Without looking at how many patients would benefit, the numbers needed to harm for tricyclic antidepressants, alosetron, and rifaximin were 18.3, 19.4, and 8,971, respectively. The numbers needed to treat were 8.0, 7.5, and 10.6, respectively.
Side effects generally included dry mouth, flushing, palpitations, insomnia, constipation, stomach pain and other mild to serious symptoms.
Safety of antibiotics unknown
Alosetron, however, was withdrawn from the market in the US from 2000 to 2002 because of its potential to cause ischemic colitis, perforation, impaction, toxic megacolon, and death.

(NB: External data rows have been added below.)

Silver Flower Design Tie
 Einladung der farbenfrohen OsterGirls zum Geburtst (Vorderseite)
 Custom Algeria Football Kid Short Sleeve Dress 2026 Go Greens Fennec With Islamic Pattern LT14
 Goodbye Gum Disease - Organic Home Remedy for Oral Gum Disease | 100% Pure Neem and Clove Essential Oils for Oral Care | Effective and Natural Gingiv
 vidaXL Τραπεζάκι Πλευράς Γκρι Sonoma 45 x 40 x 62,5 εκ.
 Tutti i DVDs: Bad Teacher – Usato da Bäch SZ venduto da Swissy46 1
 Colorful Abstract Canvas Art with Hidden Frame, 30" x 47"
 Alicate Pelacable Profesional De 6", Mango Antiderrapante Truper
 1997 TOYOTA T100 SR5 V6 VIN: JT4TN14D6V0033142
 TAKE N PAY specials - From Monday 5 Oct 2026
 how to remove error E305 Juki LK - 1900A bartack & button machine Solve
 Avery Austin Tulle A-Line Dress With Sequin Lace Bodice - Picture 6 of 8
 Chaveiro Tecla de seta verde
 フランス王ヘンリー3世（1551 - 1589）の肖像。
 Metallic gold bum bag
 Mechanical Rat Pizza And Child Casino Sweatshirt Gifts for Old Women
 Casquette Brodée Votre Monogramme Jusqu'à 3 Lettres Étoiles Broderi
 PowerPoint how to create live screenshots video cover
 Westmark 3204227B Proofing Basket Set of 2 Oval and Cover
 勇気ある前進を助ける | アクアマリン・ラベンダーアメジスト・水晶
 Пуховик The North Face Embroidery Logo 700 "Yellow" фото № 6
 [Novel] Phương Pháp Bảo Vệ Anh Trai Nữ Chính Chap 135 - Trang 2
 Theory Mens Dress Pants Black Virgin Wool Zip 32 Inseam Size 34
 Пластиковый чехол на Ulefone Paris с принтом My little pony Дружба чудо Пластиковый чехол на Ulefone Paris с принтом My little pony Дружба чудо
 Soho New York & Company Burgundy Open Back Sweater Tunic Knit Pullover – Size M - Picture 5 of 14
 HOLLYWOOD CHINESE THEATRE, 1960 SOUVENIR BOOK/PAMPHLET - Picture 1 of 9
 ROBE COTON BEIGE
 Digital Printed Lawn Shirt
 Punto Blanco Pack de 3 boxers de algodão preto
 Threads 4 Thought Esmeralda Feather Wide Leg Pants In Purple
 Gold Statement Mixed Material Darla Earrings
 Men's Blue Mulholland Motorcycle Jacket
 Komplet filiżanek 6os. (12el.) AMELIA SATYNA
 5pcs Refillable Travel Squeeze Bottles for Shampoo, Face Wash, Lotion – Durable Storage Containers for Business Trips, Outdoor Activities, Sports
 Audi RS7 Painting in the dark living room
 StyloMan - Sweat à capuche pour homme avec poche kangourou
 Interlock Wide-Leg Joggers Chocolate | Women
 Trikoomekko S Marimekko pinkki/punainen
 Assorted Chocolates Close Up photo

While rifaximin appears to be the safest option for IBS patients, Dr Ira Breite, a gastroenterologist at the New York University Langone Medical Centre, said the study didn't answer one important question about the drug.
Dr Breite, who was not involved in the new research, told Reuters Health that even if rifaximin is safe during treatment, nobody knows the safety of long-term use of antibiotics and what happens when you keep giving them.
Approach to IBS treatment won’t change
As for IBS with constipation, the group did not have as much information to work with and it was hard to draw definitive conclusions, Dr Pimentel told Reuters Health.
But the team wrote online in The American Journal of Medicine that selective serotonin reuptake inhibitors and the prostaglandin E1 derivative lubiprostone "seem safe."
"This is not going to change any doctor's current approach to treating IBS," said Dr Breite, who added that it confirmed what physicians have thought.